It is also possible to disable ARC per dataset, or reduce what it is used for, of course this will slow any file action hugely and you should only do it when you really don’t care about speed in that particular data-set. There is a primarycache (RAM), and a secondarycache (cache devices, such as SSD’s), by default they are both used for both metadata and data. The options are :
- all : both metadata and data are cached
- metadata : only metadata is cached (file names, sizes, attributes, …)
- none : no cache is used
# zfs get all jbod1 | grep cache
jbod1 primarycache all default
jbod1 secondarycache all default
I left as is (default is all), and would advice you (based on this mailinglist) to also leave it default. A much better option is to lower the zfs_arc_max since ZFS will still be able to cache some of the data/metadata.
ZFS has five I/O queues for each of the different I/O types :
- sync reads : normal read operation by applications
- async reads : reads by ZFS prefetcher, this will try to “guess” what writes an application might need and request them and cache them
- sync writes : a write that requires fsync(); to be written to “long term storage”, basically disk or when a separate ZIL is available written to ZIL (intent log).
- async writes : a ‘normal’ write. (called bulk writes of dirty data)
- scrub : those are scrub and resilver operation, scrub checks for wrong checksums, resilver tries to repair. (resilver : I would say, raid rebuild)
This is straight from the ZFS on Linux sourcecode :
The ratio of the queues’ max_actives determines the balance of performance between reads, writes, and scrubs. E.g., increasing zfs_vdev_scrub_max_active will cause the scrub or resilver to complete more quickly, but reads and writes to have higher latency and lower throughput
These value’s however are low for modern hardware and can be increased. Now I don’t completely understand what is at play here, so feel free to research on this, but these value’s seem to increase throughput at cost of latency. For example; Scrubbing is now a few factors quicker … from a few days to 18h / ~100TB. (that makes it I can cron it, more on scrub frequently)

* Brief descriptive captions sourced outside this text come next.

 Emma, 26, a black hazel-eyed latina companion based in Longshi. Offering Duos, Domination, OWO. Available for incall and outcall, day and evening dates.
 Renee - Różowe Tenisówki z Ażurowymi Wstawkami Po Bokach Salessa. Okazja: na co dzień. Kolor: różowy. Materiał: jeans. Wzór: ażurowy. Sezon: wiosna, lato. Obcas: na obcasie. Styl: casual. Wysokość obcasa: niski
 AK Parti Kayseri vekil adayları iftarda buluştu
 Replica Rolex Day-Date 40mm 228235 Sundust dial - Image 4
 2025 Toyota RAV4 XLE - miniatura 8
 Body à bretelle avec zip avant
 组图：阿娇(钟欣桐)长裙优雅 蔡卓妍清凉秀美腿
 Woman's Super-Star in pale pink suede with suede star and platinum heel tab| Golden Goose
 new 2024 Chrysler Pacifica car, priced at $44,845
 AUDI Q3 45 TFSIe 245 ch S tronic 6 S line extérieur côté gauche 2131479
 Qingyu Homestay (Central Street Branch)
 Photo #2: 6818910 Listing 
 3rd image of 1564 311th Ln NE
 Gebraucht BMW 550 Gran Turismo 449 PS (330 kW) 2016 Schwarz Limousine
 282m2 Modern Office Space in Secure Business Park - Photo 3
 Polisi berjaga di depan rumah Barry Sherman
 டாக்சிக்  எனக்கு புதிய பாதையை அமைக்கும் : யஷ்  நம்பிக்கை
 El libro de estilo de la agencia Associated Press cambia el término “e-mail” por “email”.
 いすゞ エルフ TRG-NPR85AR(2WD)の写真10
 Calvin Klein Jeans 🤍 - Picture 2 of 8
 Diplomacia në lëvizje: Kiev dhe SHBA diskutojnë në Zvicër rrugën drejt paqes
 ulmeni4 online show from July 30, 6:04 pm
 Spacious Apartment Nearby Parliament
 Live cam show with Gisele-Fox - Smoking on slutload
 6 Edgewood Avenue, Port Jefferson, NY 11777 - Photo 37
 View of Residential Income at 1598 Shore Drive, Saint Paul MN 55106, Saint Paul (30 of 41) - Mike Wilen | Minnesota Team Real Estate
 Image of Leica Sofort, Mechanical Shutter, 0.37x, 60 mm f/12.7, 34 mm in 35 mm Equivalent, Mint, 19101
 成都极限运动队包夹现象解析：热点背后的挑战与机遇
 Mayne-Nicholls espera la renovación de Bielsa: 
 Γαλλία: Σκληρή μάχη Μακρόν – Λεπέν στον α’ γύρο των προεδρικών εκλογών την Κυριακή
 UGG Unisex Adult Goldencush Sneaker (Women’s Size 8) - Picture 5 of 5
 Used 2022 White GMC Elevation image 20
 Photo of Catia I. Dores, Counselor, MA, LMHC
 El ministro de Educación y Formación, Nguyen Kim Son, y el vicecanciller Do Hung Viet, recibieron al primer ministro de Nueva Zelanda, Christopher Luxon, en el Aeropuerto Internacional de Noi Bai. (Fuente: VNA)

Each of the zfs_vdev_*_*_max_active limits the number of IO’s issues to a single vdev. Finding the right value’s can be done by monitoring IO throughput and latency under load, and increase the value until you find the point where throughput no longer increased and latency is still acceptable. These are the value’s I use :
# increase them so scrub/resilver is more quickly at the cost of other work
options zfs zfs_vdev_scrub_min_active=24
options zfs zfs_vdev_scrub_max_active=64
# sync write
options zfs zfs_vdev_sync_write_min_active=8
options zfs zfs_vdev_sync_write_max_active=32
# sync reads (normal)
options zfs zfs_vdev_sync_read_min_active=8
options zfs zfs_vdev_sync_read_max_active=32
# async reads : prefetcher
options zfs zfs_vdev_async_read_min_active=8
options zfs zfs_vdev_async_read_max_active=32
# async write : bulk writes
options zfs zfs_vdev_async_write_min_active=8
options zfs zfs_vdev_async_write_max_active=32
At current writing these are the default value’s in the ZoL repo:
zfs_vdev_sync_read_min_active = 10;
zfs_vdev_sync_read_max_active = 10;
zfs_vdev_sync_write_min_active = 10;
zfs_vdev_sync_write_max_active = 10;
zfs_vdev_async_read_min_active = 1;
zfs_vdev_async_read_max_active = 3;
zfs_vdev_async_write_min_active = 1;
zfs_vdev_async_write_max_active = 10;
zfs_vdev_scrub_min_active = 1;
zfs_vdev_scrub_max_active = 2;
As far as I understand, dirty data are non-sync writes, so basically the applications says to the file system, write this down, but doesn’t wait or expects a reply. Since I have a L2ARC and ARC, this should cache it up first and only then we should start writing it to “slow” disks. This value limits the amount of data that can be at any given time in the pool. (the cap is at 25% of physmem)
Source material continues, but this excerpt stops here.